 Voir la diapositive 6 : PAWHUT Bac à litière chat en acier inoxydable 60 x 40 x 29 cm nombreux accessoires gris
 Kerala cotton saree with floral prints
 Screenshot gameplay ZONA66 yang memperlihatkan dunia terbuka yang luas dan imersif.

=-=-=

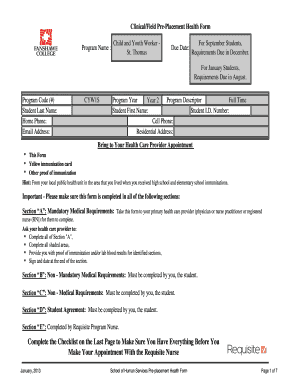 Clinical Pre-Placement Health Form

=-=-=

* _To do_
Using the data above, reproduce exactly the lines between those holding "Kerala cotton saree with floral prints" and "Screenshot gameplay ZONA66", inclusive, and no others.

* _Result of this task_
 Kerala cotton saree with floral prints
 Screenshot gameplay ZONA66 yang memperlihatkan dunia terbuka yang luas dan imersif.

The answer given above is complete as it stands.